İnsanımızın çaresiz kaldığı bir anında başvurabileceği tek kelime “keşke”… Hatalara, günahlara, umutsuzluğa ve yenilmişliğe karşı bir dönüm noktası olur hep… Ama birazcık üzeri küllendiğinde, keşke öncesine yeniden döner insanoğlu…

İmtihana tabi olan insan, öyle bir ince elekten geçiyor ki, insanın “keşke” demesi bile başlı başına bir sorun teşkil ediyor. Nitekim Peygamberimiz (sav) insanları uyarıyor: Sakın! 'Keşke' demeyin!  

Efendim! Derler ki: “Eğerle, meğer evlenmiş olsalardı, bu ikisinden keşke doğardı”.

Ne kadar da doğru değil mi? Eğer şöyle yapsaydım, meğer şöyleymiş… Dım, miş gırla gider lafın arasında… Sonra da nihai sonuca varılır: “Keşke öyle yapmasaymışım… Keşke şöyle deseydim!”

Sebeplerin oluşturduğu nedenler üzerinde birazcık düşündüğümüz zaman, şayet inanıyorsak karşımıza çıkacak olan husus gayet açıktır. İlaç almadan iyileşmeyi düşünmek yanlıştır. Zira tedbir bizden takdir Rabbimizden olacaktır.

Çareyi gücümüz dairesinde arayalım ama gücümüzü zorlayan sınırlarda Rabbimize başvurmak en doğrusudur. Şair ne güzel söylemiş: “Allah’a dayan, sa'ye sarıl, hikmete ram ol/Yol varsa budur, bilmiyorum başka çıkar yol.”

Hz. Musa’nın ağrıyan dişine Rabbimiz yol gösterir. Filanca yerde bir bitkiyi kullan diye… Hz. Musa denileni yapar ve dişi iyileşir. Daha sonra dişi tekrar ağrımaya başlar. Rabbinden öğrendiği o yola tekrar başvurduğunda bir türlü ağrı kesilmez.

Hz. Musa, Rabbine tekrar niyazda bulunduğunda aldığı cevap: “Sen şifayı önce bende aradın ama sonra bitkinin kendisine müracaat ettin. O nedenle şifayı bende arasaydın yine iyileşirdin!” Oldu.

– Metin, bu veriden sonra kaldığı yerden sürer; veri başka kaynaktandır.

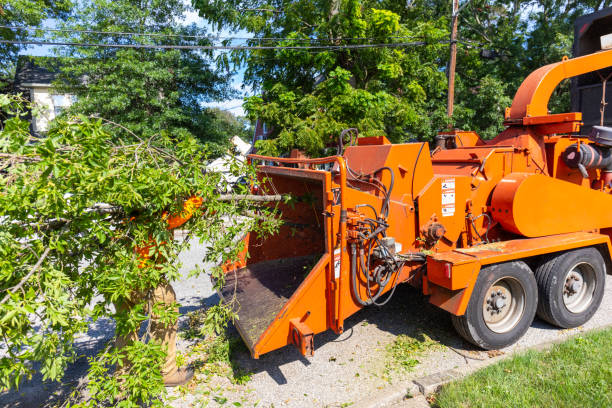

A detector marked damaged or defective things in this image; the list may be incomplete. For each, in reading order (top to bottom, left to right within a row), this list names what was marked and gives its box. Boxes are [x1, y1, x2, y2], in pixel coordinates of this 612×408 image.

rusty metal surface [221, 253, 326, 352] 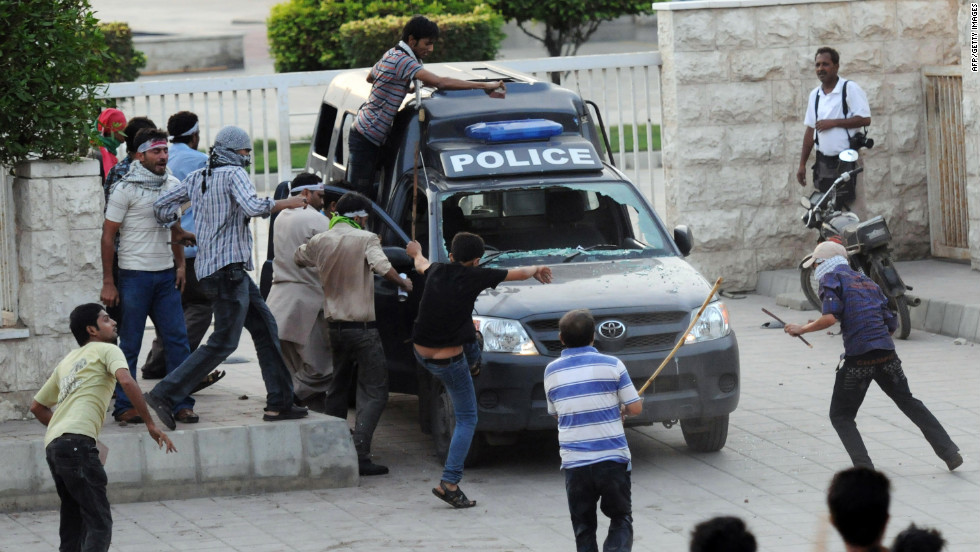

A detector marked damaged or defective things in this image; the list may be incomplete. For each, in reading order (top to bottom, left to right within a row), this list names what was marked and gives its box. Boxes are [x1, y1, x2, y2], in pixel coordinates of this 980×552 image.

shattered windshield [436, 182, 672, 266] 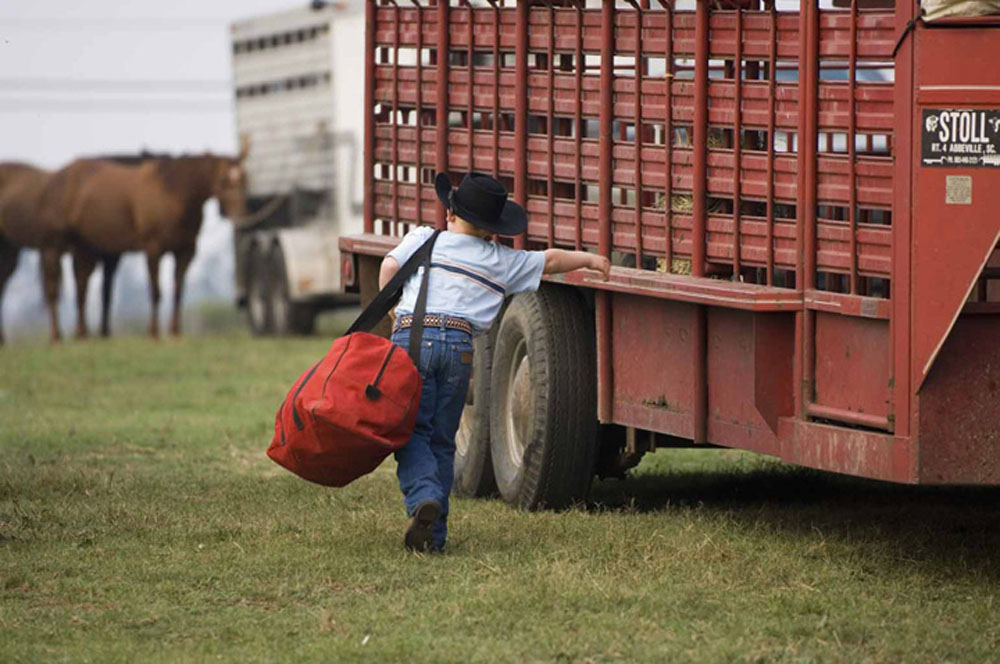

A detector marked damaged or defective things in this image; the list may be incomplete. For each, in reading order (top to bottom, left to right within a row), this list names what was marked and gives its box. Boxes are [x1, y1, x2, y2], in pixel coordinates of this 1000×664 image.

rusted metal surface [342, 0, 1000, 488] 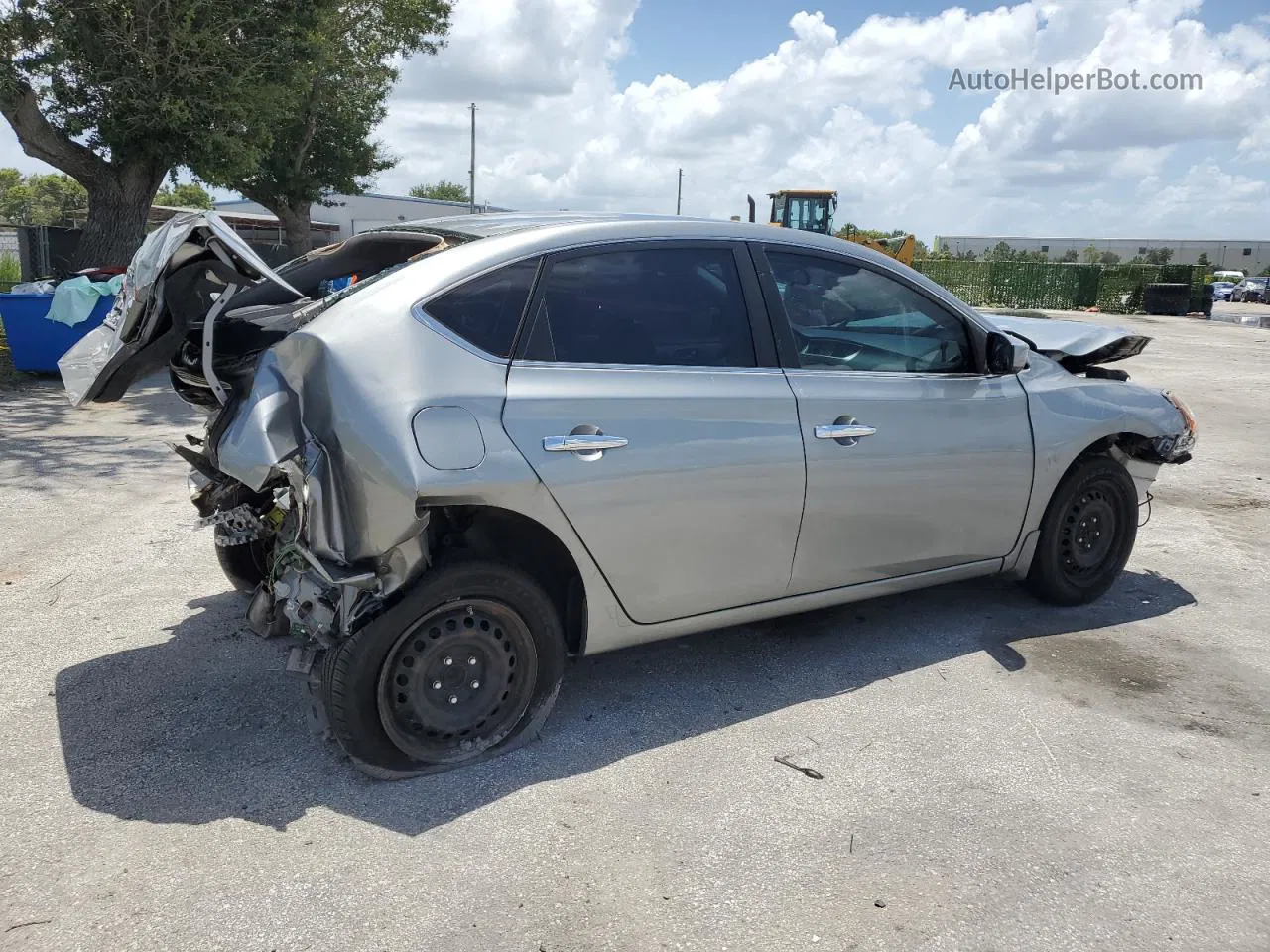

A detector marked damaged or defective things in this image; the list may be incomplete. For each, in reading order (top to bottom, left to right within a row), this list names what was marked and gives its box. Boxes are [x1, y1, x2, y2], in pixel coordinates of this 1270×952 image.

crashed car [60, 212, 1199, 777]
mangled trunk lid [984, 313, 1151, 373] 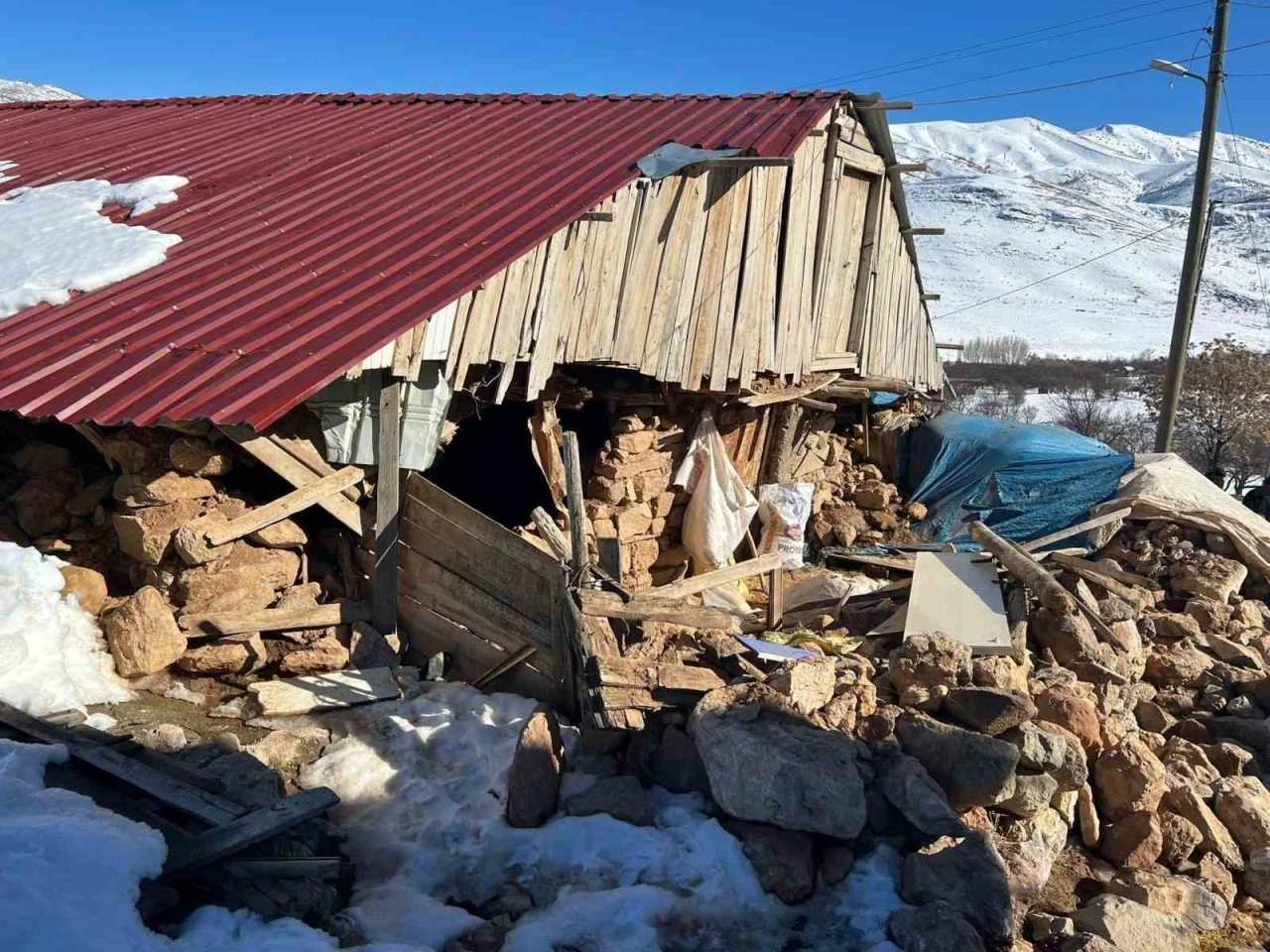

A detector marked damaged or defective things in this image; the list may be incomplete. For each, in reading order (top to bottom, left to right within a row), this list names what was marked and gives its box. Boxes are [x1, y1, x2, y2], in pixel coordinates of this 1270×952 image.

broken wooden slat [202, 467, 363, 547]
broken wooden beam [202, 467, 363, 547]
broken wooden slat [218, 426, 363, 537]
broken wooden slat [1026, 510, 1137, 555]
broken wooden slat [645, 550, 782, 604]
broken wooden beam [640, 550, 787, 604]
broken wooden beam [964, 523, 1077, 619]
broken wooden slat [969, 523, 1072, 619]
broken wooden slat [182, 606, 373, 637]
broken wooden beam [182, 604, 373, 642]
broken wooden slat [576, 588, 736, 635]
broken wooden beam [581, 588, 741, 635]
broken wooden slat [248, 669, 401, 715]
broken wooden slat [0, 700, 243, 827]
broken wooden slat [165, 786, 342, 878] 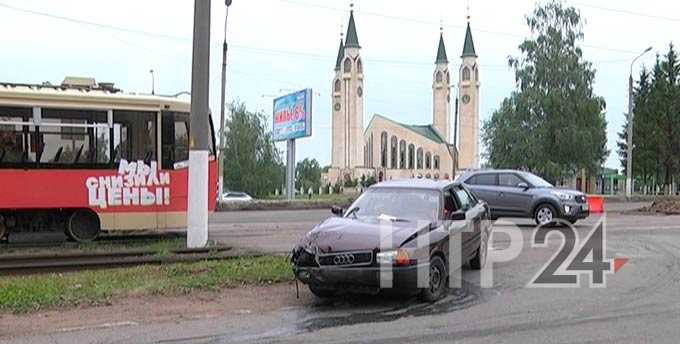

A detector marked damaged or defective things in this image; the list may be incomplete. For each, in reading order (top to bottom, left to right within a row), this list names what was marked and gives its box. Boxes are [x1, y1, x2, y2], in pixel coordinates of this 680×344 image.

damaged maroon sedan [290, 179, 492, 302] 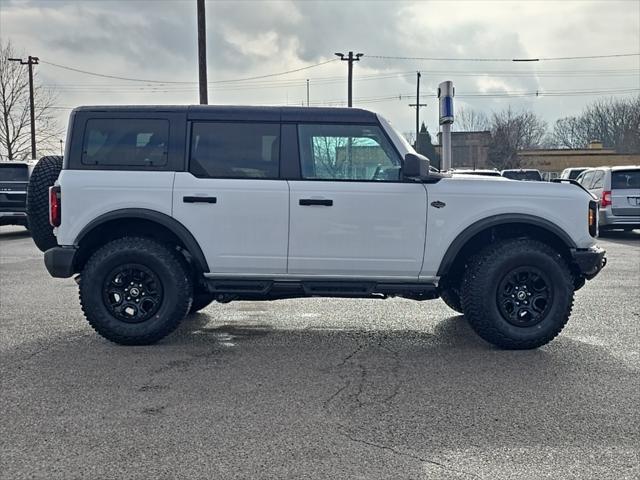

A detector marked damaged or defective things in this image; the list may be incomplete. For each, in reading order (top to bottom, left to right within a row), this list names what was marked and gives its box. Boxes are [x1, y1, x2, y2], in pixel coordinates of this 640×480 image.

cracked pavement [0, 226, 636, 480] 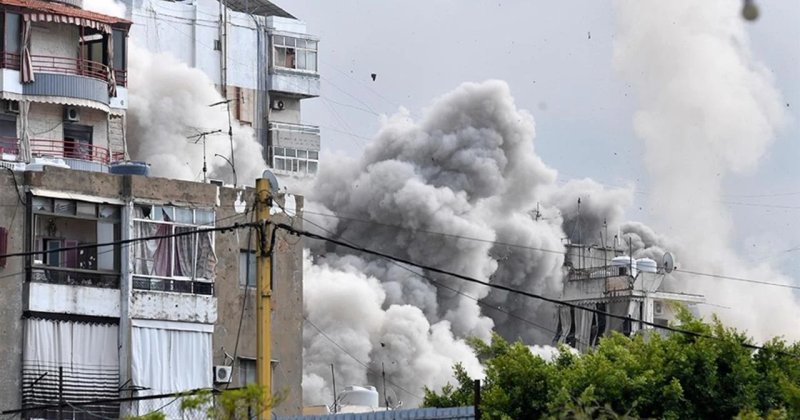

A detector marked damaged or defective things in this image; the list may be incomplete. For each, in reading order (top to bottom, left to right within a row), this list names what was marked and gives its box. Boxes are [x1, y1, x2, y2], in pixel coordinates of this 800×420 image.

damaged apartment building [122, 0, 322, 177]
broken window [31, 197, 121, 288]
damaged apartment building [0, 0, 304, 416]
broken window [133, 205, 217, 294] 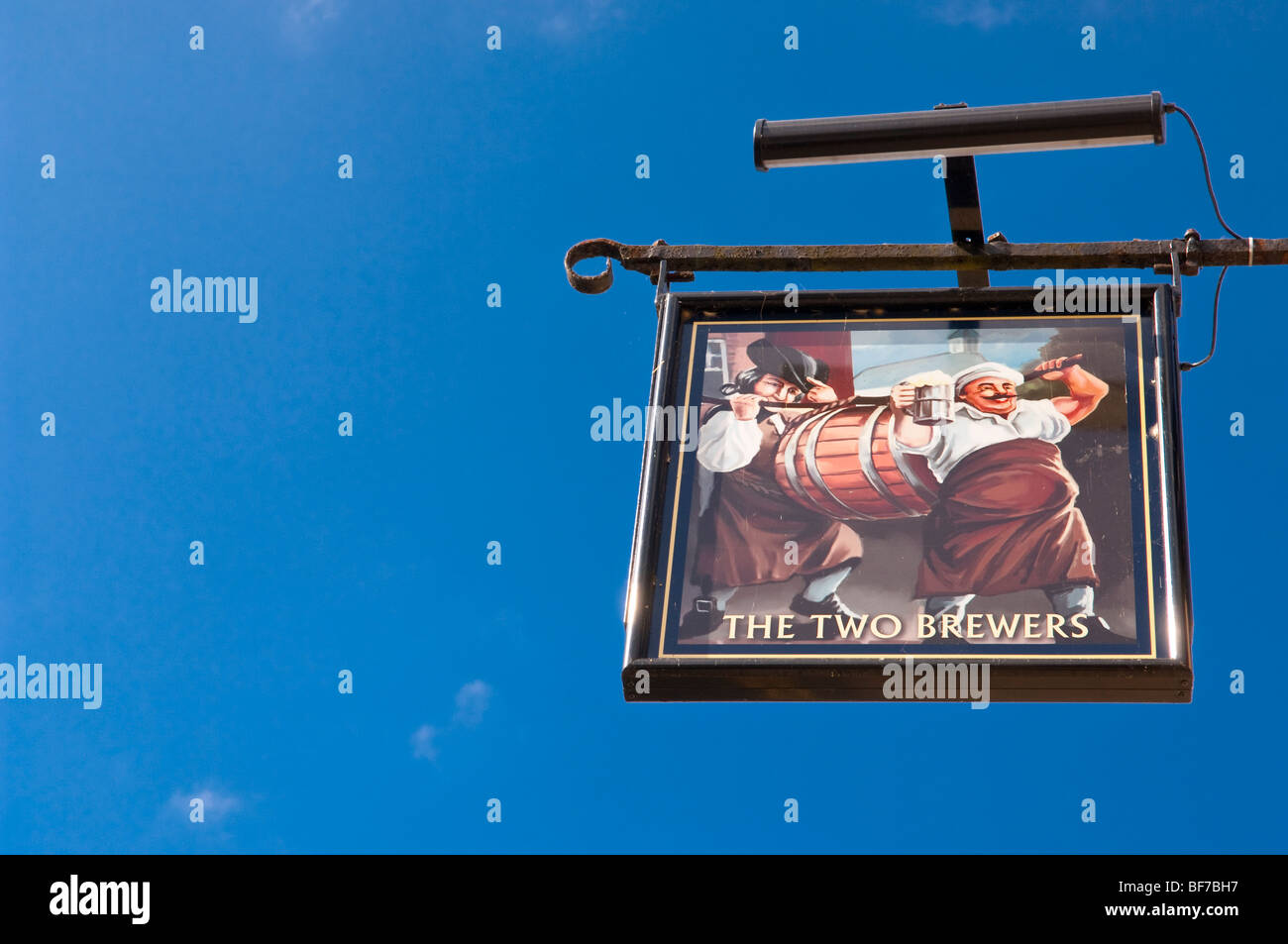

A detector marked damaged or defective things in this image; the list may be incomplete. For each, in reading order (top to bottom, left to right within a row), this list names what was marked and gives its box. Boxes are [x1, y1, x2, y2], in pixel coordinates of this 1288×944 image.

rusty metal bar [569, 234, 1288, 292] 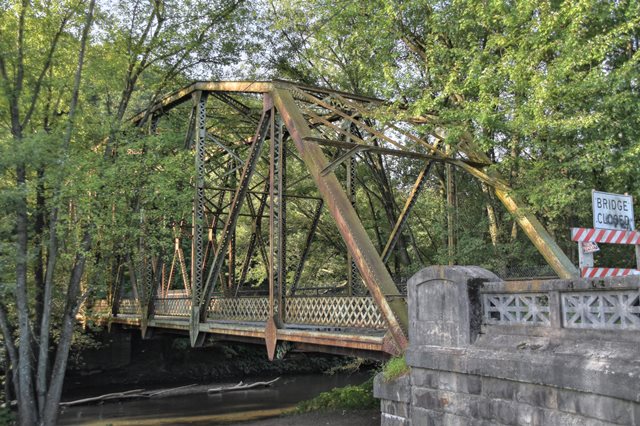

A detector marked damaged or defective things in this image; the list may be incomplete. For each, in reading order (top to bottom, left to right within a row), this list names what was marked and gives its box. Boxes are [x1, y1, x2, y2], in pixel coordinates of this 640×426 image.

rusty steel beam [272, 85, 408, 352]
rust stain on steel [272, 85, 410, 352] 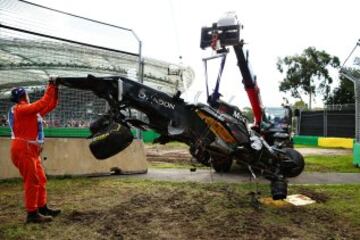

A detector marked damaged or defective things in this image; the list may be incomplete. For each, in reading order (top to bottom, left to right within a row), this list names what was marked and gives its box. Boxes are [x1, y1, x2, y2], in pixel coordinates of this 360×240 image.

damaged formula one car [56, 13, 304, 201] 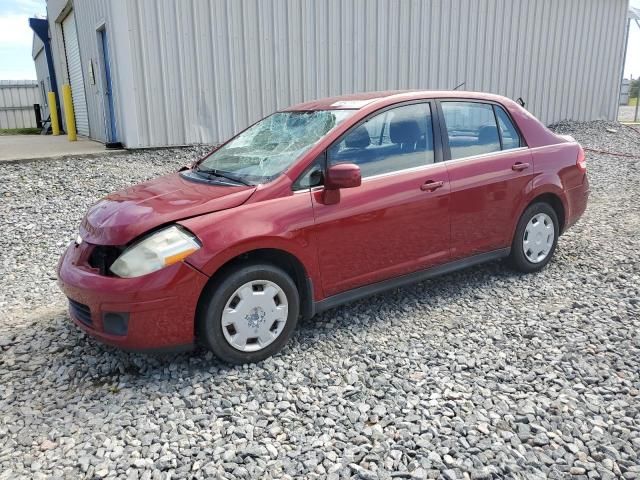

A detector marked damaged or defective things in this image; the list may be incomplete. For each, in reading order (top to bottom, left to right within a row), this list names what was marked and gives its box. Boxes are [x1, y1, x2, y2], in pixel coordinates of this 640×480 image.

Çareler belki umduğumuzdan daha fazladır. Sebepler, sorunlara çözüm olsa da öncelikle Rabbimizin izniyle bir arayış içerisine girmek zorunluluğumuz vardır, Sonra keşkilerin dipsiz kuyusundan çıkmamız mümkün olabilir mi?

Kurtubî’nin de ifade ettiği gibi, “eğer/keşke” cümlelerinin kullanılmasını uygun görmeyen hadisin verdiği ders şudur: Maziye/geçmişte olmuş hadiselere kader penceresinden bakmak, Allah’ın emrine teslim olmak, kadere rıza göstermek, vukua gelmiş olan olumsuzluklara bakıp aşırı üzüntüye kapılmamak gerekir.

Bu teslimiyeti göstermeyip de “eğer/keşke..”lerle olanları değerlendirmeye çalışanlara şeytan müdahale edecek ve onları imkânsız temenni ve kuruntularla hüzne boğacak ve Allah’a karşı olan teslimiyetini kırmaya çalışacaktır.